#### WHAT IS EXPECTED
Images do not belong in the copy. Retype the entries exactly.

━━━━━ SUPPLIED MATERIAL

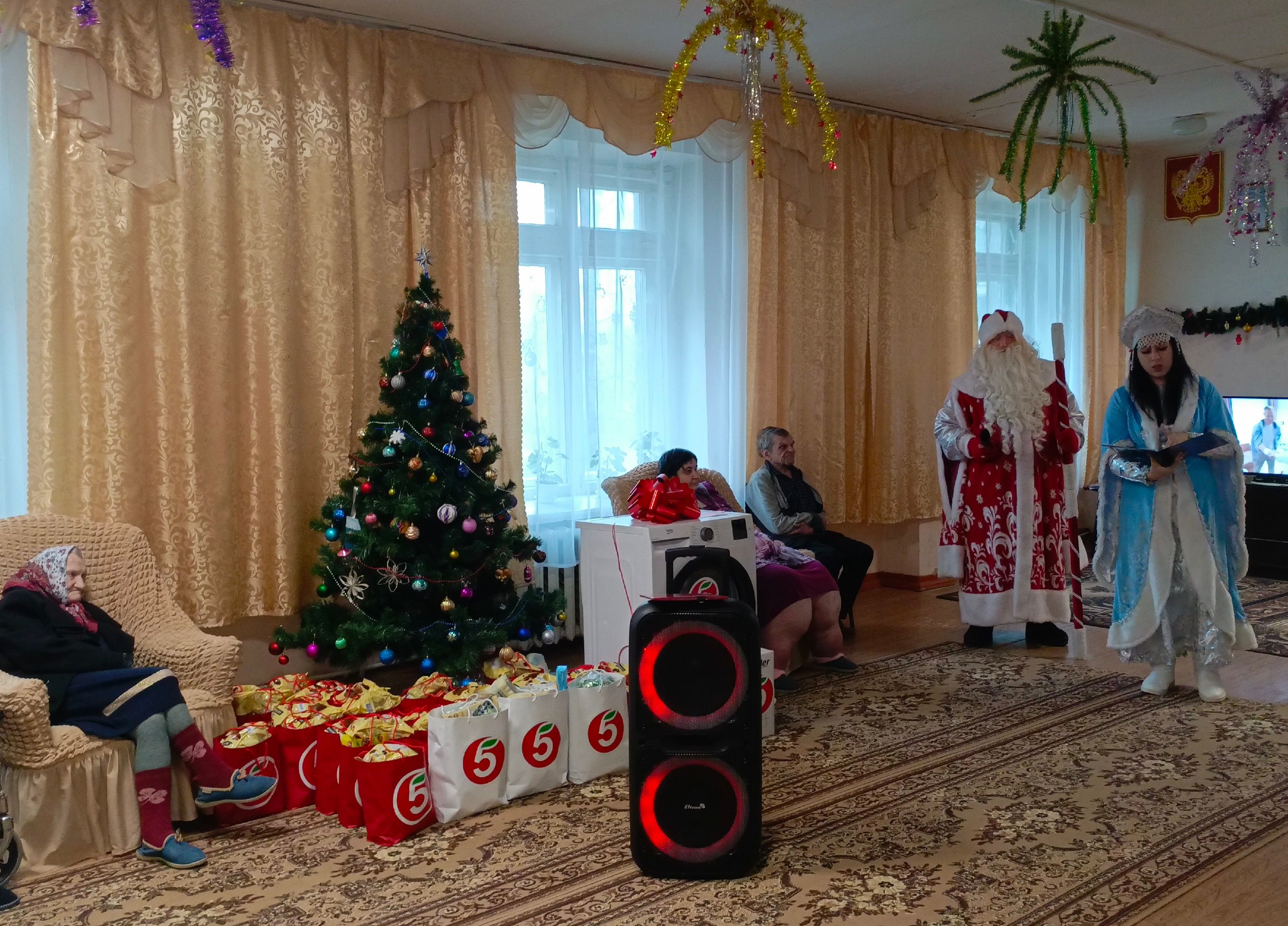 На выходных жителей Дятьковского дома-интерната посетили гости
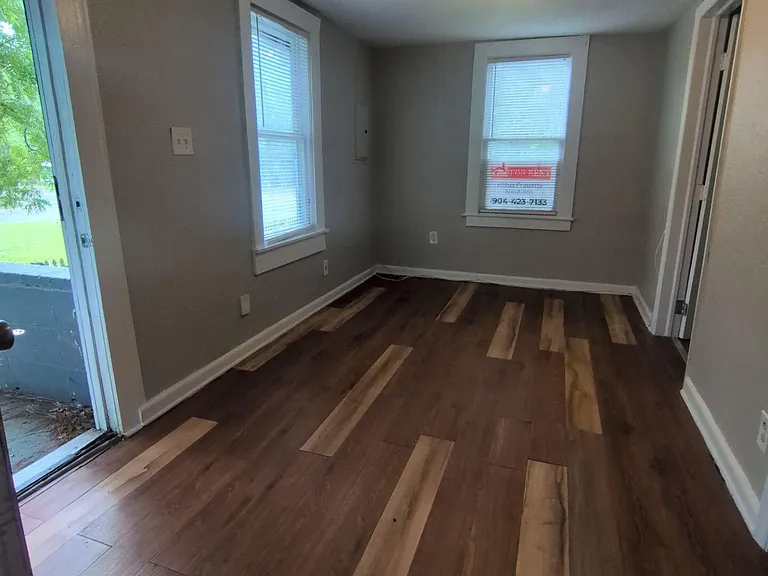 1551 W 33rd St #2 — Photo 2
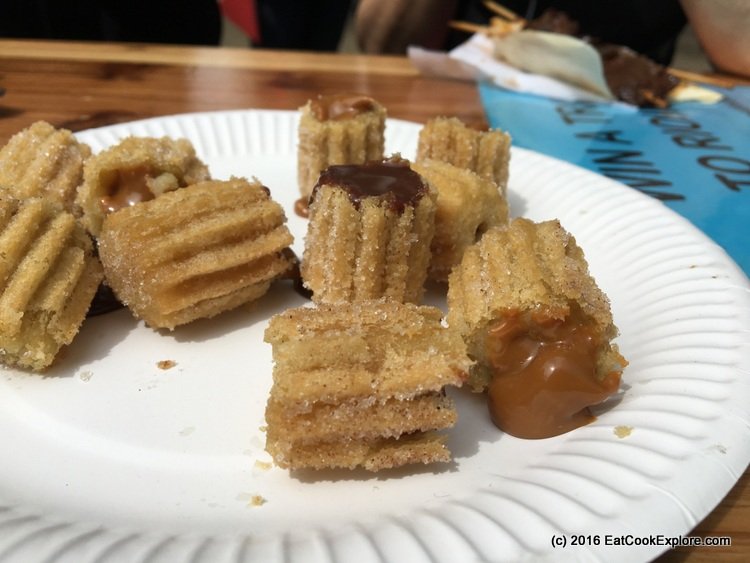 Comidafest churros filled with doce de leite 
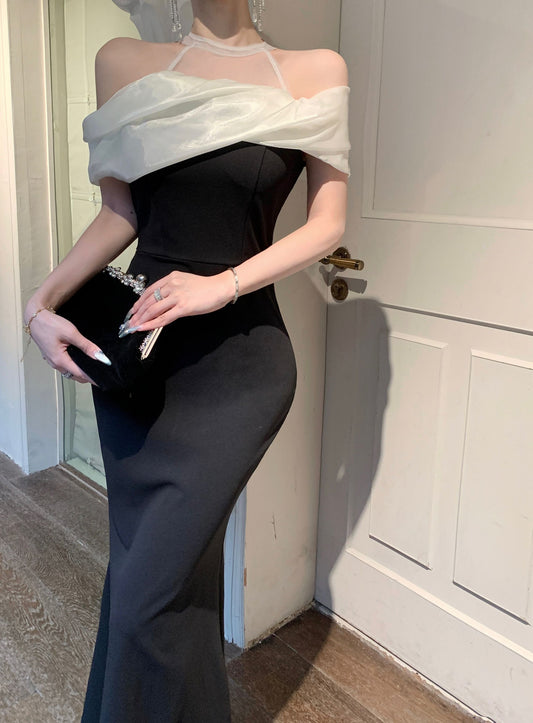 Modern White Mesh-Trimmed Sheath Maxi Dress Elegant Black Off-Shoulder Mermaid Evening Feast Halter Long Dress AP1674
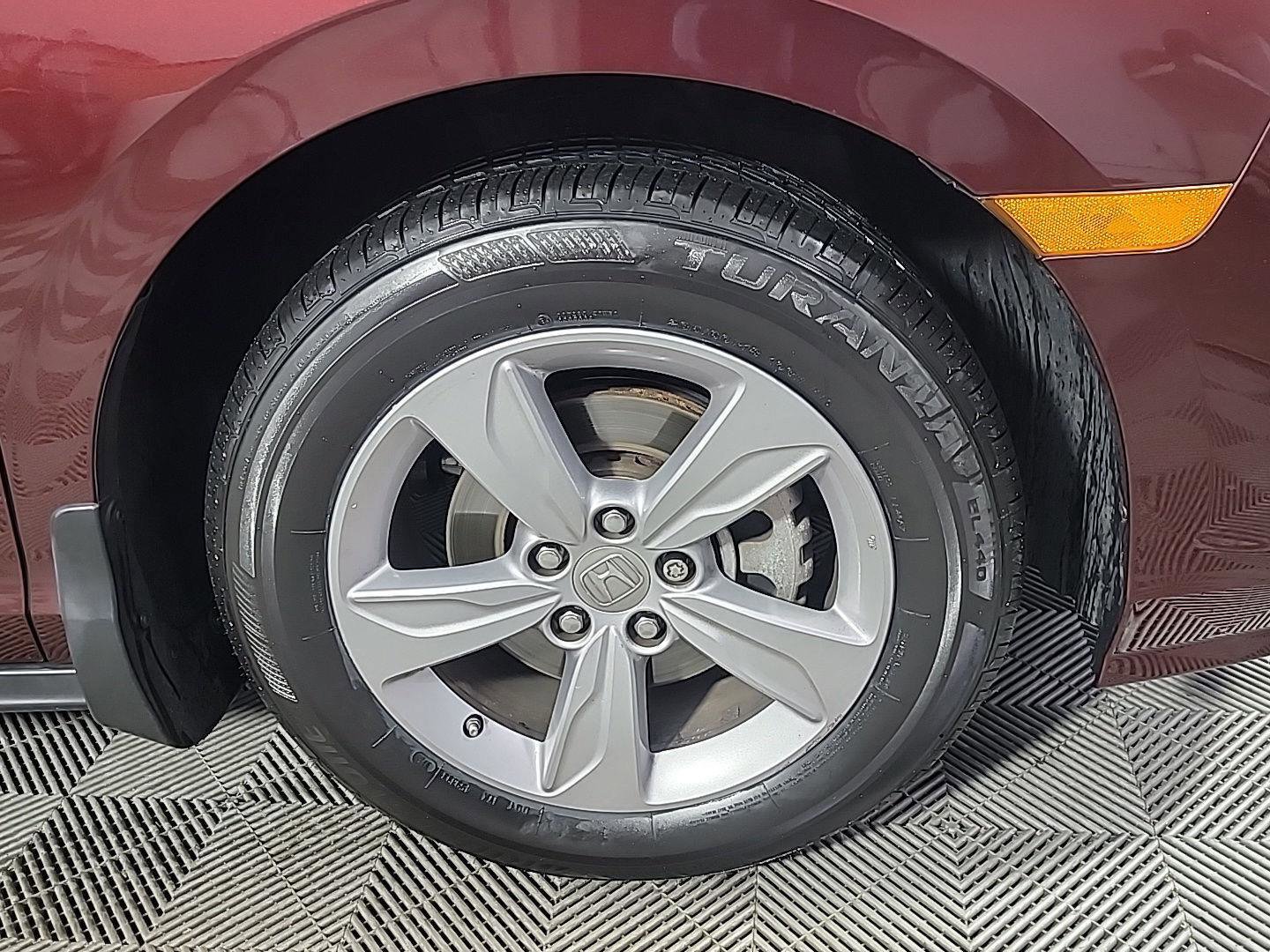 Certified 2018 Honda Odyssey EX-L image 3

━━━━━━━━━━

#### EXERCISE RESULT
 На выходных жителей Дятьковского дома-интерната посетили гости
 1551 W 33rd St #2 — Photo 2
 Comidafest churros filled with doce de leite 
 Modern White Mesh-Trimmed Sheath Maxi Dress Elegant Black Off-Shoulder Mermaid Evening Feast Halter Long Dress AP1674
 Certified 2018 Honda Odyssey EX-L image 3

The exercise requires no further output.